- [Data for review]
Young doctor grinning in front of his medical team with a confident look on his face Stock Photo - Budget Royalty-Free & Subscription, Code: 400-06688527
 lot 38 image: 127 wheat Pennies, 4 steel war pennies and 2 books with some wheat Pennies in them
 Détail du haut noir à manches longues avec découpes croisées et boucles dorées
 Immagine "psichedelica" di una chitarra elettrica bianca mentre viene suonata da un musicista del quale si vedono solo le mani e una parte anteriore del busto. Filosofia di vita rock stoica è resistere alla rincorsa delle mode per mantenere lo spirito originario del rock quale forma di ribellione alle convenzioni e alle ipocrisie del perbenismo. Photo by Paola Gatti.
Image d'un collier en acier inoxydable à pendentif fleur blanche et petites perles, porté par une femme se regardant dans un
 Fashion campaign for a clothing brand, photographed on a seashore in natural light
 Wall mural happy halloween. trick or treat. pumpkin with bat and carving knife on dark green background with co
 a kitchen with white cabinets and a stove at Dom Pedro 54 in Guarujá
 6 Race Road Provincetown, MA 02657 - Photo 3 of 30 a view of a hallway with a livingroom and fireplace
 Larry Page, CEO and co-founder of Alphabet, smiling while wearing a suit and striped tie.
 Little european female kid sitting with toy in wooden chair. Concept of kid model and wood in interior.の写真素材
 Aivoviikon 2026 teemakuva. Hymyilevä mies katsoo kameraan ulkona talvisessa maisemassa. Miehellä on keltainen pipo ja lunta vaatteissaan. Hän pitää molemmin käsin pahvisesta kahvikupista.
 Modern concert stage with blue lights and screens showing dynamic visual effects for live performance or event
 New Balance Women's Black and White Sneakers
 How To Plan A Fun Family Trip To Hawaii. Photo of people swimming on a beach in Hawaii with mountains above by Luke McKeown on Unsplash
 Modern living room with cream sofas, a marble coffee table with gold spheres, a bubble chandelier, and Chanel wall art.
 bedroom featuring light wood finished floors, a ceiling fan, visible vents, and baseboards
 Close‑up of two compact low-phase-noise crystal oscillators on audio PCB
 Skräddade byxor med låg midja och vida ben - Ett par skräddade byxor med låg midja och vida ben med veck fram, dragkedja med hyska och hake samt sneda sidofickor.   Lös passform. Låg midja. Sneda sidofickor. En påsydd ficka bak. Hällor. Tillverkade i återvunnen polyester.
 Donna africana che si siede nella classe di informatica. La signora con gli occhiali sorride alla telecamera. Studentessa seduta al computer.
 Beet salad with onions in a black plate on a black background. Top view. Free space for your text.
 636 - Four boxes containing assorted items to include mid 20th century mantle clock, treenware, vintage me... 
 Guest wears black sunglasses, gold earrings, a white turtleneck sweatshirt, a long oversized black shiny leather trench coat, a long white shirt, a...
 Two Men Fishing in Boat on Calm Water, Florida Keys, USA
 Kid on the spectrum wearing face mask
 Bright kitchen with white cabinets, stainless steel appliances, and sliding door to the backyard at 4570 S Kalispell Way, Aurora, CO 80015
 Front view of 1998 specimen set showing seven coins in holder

- [Task item] Line by line, copy the entries above exactly as they appear.

- [Answer space]
Young doctor grinning in front of his medical team with a confident look on his face Stock Photo - Budget Royalty-Free & Subscription, Code: 400-06688527
 lot 38 image: 127 wheat Pennies, 4 steel war pennies and 2 books with some wheat Pennies in them
 Détail du haut noir à manches longues avec découpes croisées et boucles dorées
 Immagine "psichedelica" di una chitarra elettrica bianca mentre viene suonata da un musicista del quale si vedono solo le mani e una parte anteriore del busto. Filosofia di vita rock stoica è resistere alla rincorsa delle mode per mantenere lo spirito originario del rock quale forma di ribellione alle convenzioni e alle ipocrisie del perbenismo. Photo by Paola Gatti.
Image d'un collier en acier inoxydable à pendentif fleur blanche et petites perles, porté par une femme se regardant dans un
 Fashion campaign for a clothing brand, photographed on a seashore in natural light
 Wall mural happy halloween. trick or treat. pumpkin with bat and carving knife on dark green background with co
 a kitchen with white cabinets and a stove at Dom Pedro 54 in Guarujá
 6 Race Road Provincetown, MA 02657 - Photo 3 of 30 a view of a hallway with a livingroom and fireplace
 Larry Page, CEO and co-founder of Alphabet, smiling while wearing a suit and striped tie.
 Little european female kid sitting with toy in wooden chair. Concept of kid model and wood in interior.の写真素材
 Aivoviikon 2026 teemakuva. Hymyilevä mies katsoo kameraan ulkona talvisessa maisemassa. Miehellä on keltainen pipo ja lunta vaatteissaan. Hän pitää molemmin käsin pahvisesta kahvikupista.
 Modern concert stage with blue lights and screens showing dynamic visual effects for live performance or event
 New Balance Women's Black and White Sneakers
 How To Plan A Fun Family Trip To Hawaii. Photo of people swimming on a beach in Hawaii with mountains above by Luke McKeown on Unsplash
 Modern living room with cream sofas, a marble coffee table with gold spheres, a bubble chandelier, and Chanel wall art.
 bedroom featuring light wood finished floors, a ceiling fan, visible vents, and baseboards
 Close‑up of two compact low-phase-noise crystal oscillators on audio PCB
 Skräddade byxor med låg midja och vida ben - Ett par skräddade byxor med låg midja och vida ben med veck fram, dragkedja med hyska och hake samt sneda sidofickor.   Lös passform. Låg midja. Sneda sidofickor. En påsydd ficka bak. Hällor. Tillverkade i återvunnen polyester.
 Donna africana che si siede nella classe di informatica. La signora con gli occhiali sorride alla telecamera. Studentessa seduta al computer.
 Beet salad with onions in a black plate on a black background. Top view. Free space for your text.
 636 - Four boxes containing assorted items to include mid 20th century mantle clock, treenware, vintage me... 
 Guest wears black sunglasses, gold earrings, a white turtleneck sweatshirt, a long oversized black shiny leather trench coat, a long white shirt, a...
 Two Men Fishing in Boat on Calm Water, Florida Keys, USA
 Kid on the spectrum wearing face mask
 Bright kitchen with white cabinets, stainless steel appliances, and sliding door to the backyard at 4570 S Kalispell Way, Aurora, CO 80015
 Front view of 1998 specimen set showing seven coins in holder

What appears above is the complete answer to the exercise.